▸ **TO DO**: In the records below, find the line with "BAV44 Gravy Boat with Attached Underplate" and repeat exactly every line from it through the line with "2mm Saphir TRAGUS". Pictures stay out.

▸ **MATERIAL TO PROCESS**:
-- -- --
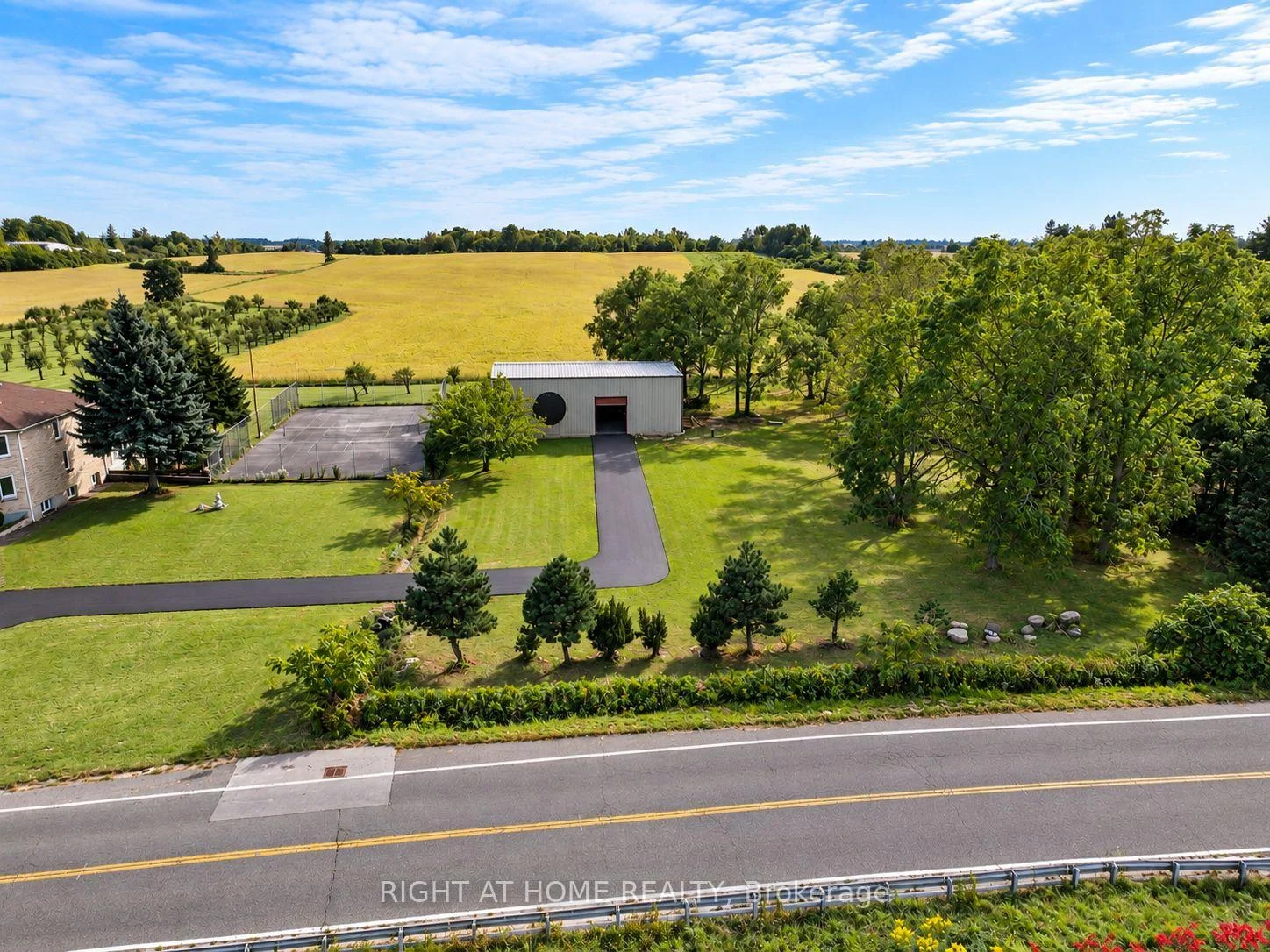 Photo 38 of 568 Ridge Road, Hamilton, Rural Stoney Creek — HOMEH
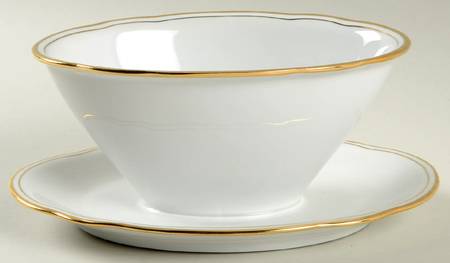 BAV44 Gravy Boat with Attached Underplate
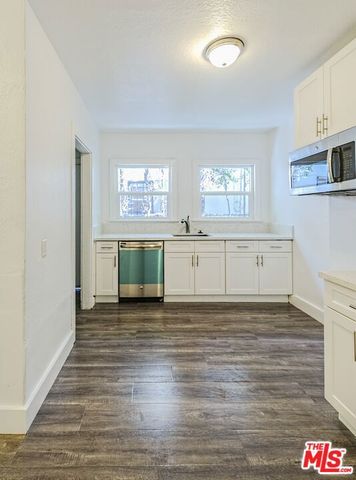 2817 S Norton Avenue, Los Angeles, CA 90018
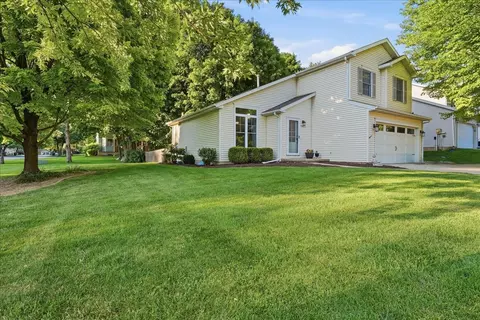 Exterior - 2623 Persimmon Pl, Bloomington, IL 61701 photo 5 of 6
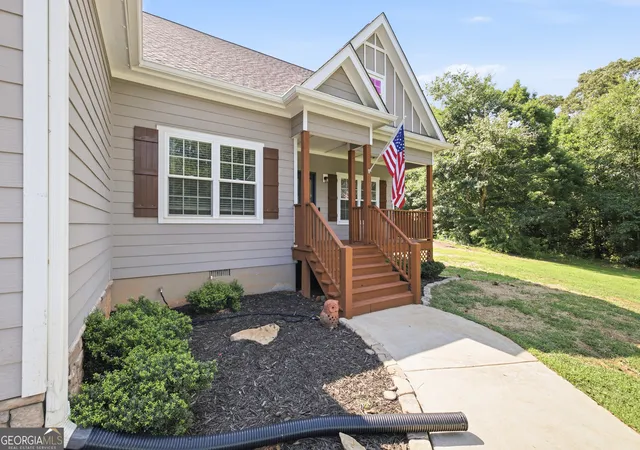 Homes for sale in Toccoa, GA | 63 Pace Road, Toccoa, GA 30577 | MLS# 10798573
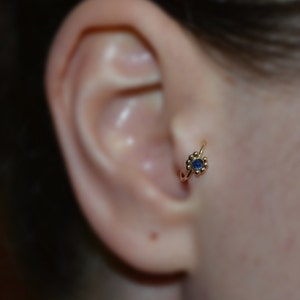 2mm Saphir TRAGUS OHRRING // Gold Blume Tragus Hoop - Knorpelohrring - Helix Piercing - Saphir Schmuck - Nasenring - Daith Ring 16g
-- -- --
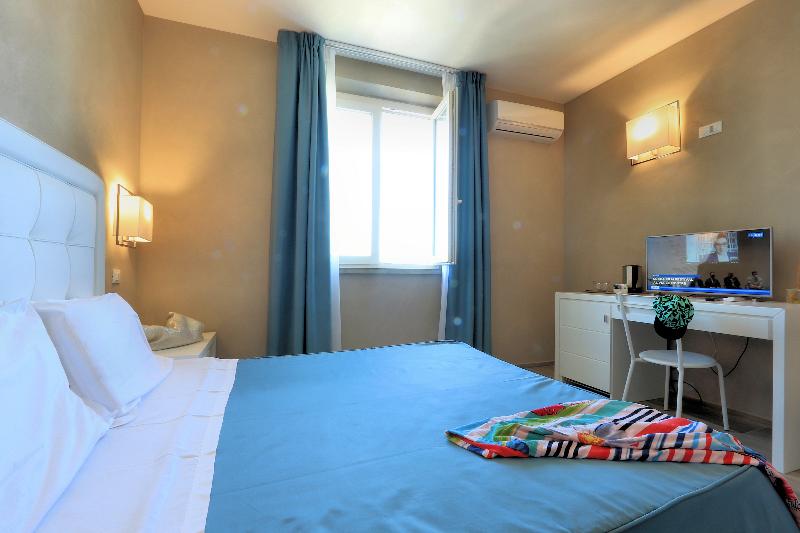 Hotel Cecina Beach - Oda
-- -- --
▸ **ANSWER BELOW**:
 BAV44 Gravy Boat with Attached Underplate
 2817 S Norton Avenue, Los Angeles, CA 90018
 Exterior - 2623 Persimmon Pl, Bloomington, IL 61701 photo 5 of 6
 Homes for sale in Toccoa, GA | 63 Pace Road, Toccoa, GA 30577 | MLS# 10798573
 2mm Saphir TRAGUS OHRRING // Gold Blume Tragus Hoop - Knorpelohrring - Helix Piercing - Saphir Schmuck - Nasenring - Daith Ring 16g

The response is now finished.